- Born: Christopher Karl Salat July 1976 (age 49) Houston, Texas, U.S.
- Known for: Public art Graffiti Painting Street-Art Turntablist VRArtist
- Notable work: Graffiti Art, Album Covers, Virtual Reality Graffiti
- Movement: Hip-Hop Culture

= Christopher Salat =

American graffiti artist (born 1976)

Christopher Karl Salat (born July 1976), also known professionally as BeZerK One, is an American graffiti artist, virtual reality artist, and turntablist. Known for his early work in Houston as a graffiti innovator, active in the Houston Alternative Art scene, original crew member of "Aerosol Warfare" art collective and the scratch DJ for "Audible Stellar Hypnotic Situations".

==Biography==
In 1992, Salat began to develop the art form professionally, combining efforts on the street and assisting in establishing the "Aerosol Warfare" arts collective in Houston, Texas. Salat played an active role of gathering street artists. producing large productions known as "Burners" and placing some art effort in galleries to make money for street artists. His efforts are outlined in the hardback publication "The History of American Graffiti", published in 2011 by Roger Gastman.

"In 1992, the duo established the “Wall of Fame,” which still runs today on Palmer and McKinney Streets as a legal spot for artists to graffiti. In 1994 ChristianAZUL and Christopher Karl “BeZerk One” joined Aerosol Warfare and established Aerosol Warfare Gallery in 2000." - Nimra Haroon, Houston's Graffiti Culture

As Salat's career moved forward, he started a sculpture series of "Aerosol Bombs" using his empty cans of Krylon spray paint. In 1997, gathering attention from outside the southern region, Limp Bizkit's front man Fred Durst used one of Salat's Bomb Sculptures "Aerosol Warfare #2" (VA0001131224) to promote the track Counterfeit on Interscope Records. The single was promoted to record executives, radio station DJs and industry professionals to promote Limp Bizkit's debut sound. In 1998, Limp Bizkit released an international maxi single entitled "Counterfeit Countdown", taking Salat's Bomb design worldwide. The image of the sculpture was also used in the liner notes of the "Three Dollar Bill, Y'all" album.

=== Audio media ===

After spending time in the visual arts, Salat shifted focus and joined the band A>S>H>S or Audible Stellar Hypnotic Situations as the frontman, using samples with turntables to narrate the musical atmospheres. A>S>H>S played the southern part of Texas for many years before producing an album at SugarHill Recording Studios in 2006. Upon its release, the band's self-titled debut album, Audible Stellar Hypnotic Situations, had significant impact.

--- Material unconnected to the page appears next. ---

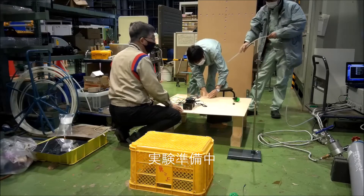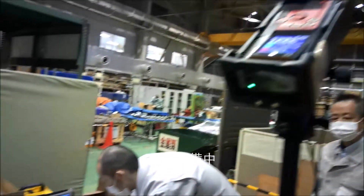We are setting up the experiment, connecting the laser method to a computer for data acquisition.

"I'm the guy who does all the scratching and adds all the vocals," Karl says. "The vocals tell a story about the atmosphere we're creating. Act Fast is about the atomic bomb. As the music changes, there's a man warning you, saying, 'The bomb can explode at any time.' When the music changes, it's like the bomb exploding, and the vocal there is, 'You can't see radiation, but can you feel it?' We try to say something without saying it."
- Christopher Karl, "Audible Stellar Hypnotic Situations" Houston Chronicle

=== Further education ===
In 2007, Salat left Texas to pursue his passion of building video games and other digital technologies. He attended The University of Advancing Technology, majoring in video game environmental design, and later adding cybersecurity to his study agenda. Salat had the opportunity to intern with The Department of Defense, designing a browser based game called "CyberHero", educating young people about cybersecurity scenarios.

"It was a great educational opportunity to help young people understand that defense in the future means securing our Networks"
- Christopher Salat, "When Games are more than just play" Geek411

=== Technology testing===
In 2015, Salat gained a testing position at 343 Industries testing their new console release Halo 5: Guardians.